Another favorite that you’ll sadly have to miss when you have constipation is that chocolate cookie. Cookies have refined carbohydrates which are difficult to break down. They lack fiber and a low in fluid.
We may have shocked you by putting bananas on this list of foods. Bananas are a double-edged food sword – they can cause or prevent constipation.
Ripe bananas help to push food through the digestive system while green, unripe ones may trigger constipation. Make sure that you eat ripe bananas if you expect constipation relief.
7. Fried food
Your fried chicken drumstick is high in fat and extremely binding. It slows movement through the digestive tract. Therefore, it takes a long time to break down. Steaming is a preferred alternative to frying.

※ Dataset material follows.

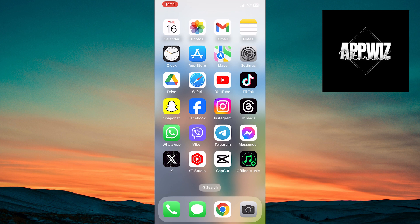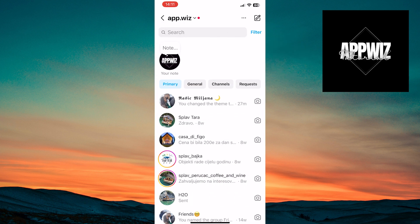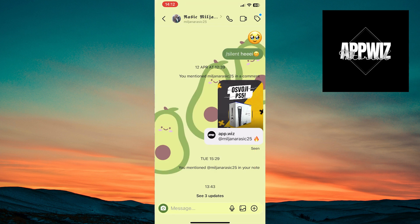First, open the Instagram app on your device. Then, tap on this button to open DM on Instagram. Next, you need to tap on the chat where you want to restore the old look.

Activities to Avoid with Constipation
There are things you should never do when you have this condition. Keep away from these activities.
1. Not exercising
Roundabout as it sounds, this is essential advice. Keep away from not working out.
You probably visit the bathroom soon after you work out. Low levels of physical activity increase the risk of constipation because they limit blood flow to the gut. They also restrict digestion.

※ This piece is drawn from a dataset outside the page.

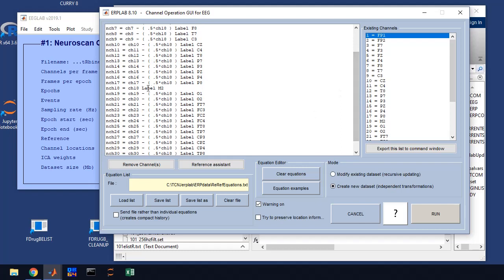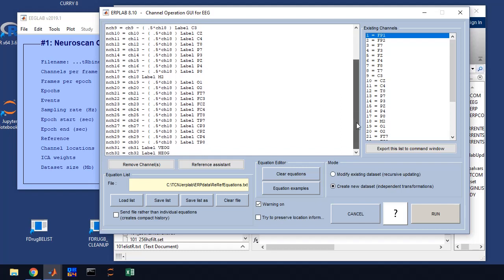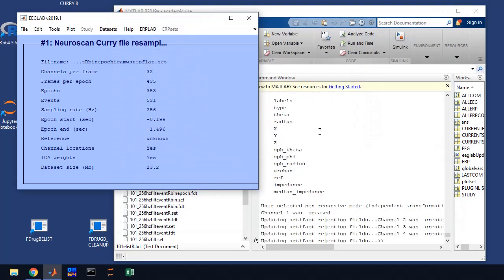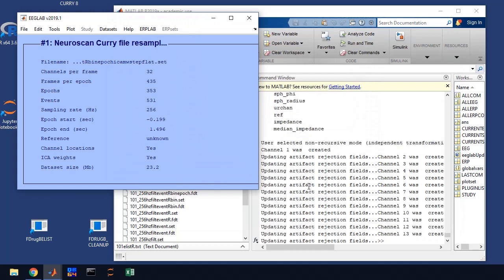This is our right mastoid, so we leave that channel alone, and of course the vertical and horizontal electrodes are referenced to themselves, it's a bipolar reference, so we don't mess with those channels, but we re-reference all of the other channels. And we're going to create a new data set when we run this.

Conversely, exercise increases blood flow to the digestive tract. Any workout is helpful.
2. Drinking alcohol or caffeine
Drinking too much alcohol and coffee may limit your bowel movements. Coffee limits the antidiuretic hormone (ADH) and causes diuresis. This condition worsens the symptoms of constipation. A study shows a relationship between drinking and GI symptoms.
3. Taking too many calcium supplements
Calcium and iron supplements can cause this ailment because they prevent the gastrointestinal system from contracting. If you have to take them because of an existing medical condition, you can ask your doctor for alternative options.
4. Taking too many painkillers
If you struggle to go to the bathroom after taking over-the-counter painkillers, you may want to remove them from your medicine cabinet. Again, consult your doctor for alternative medicines.
In all, you can beat constipation by avoiding foods and activities that will increase its risk.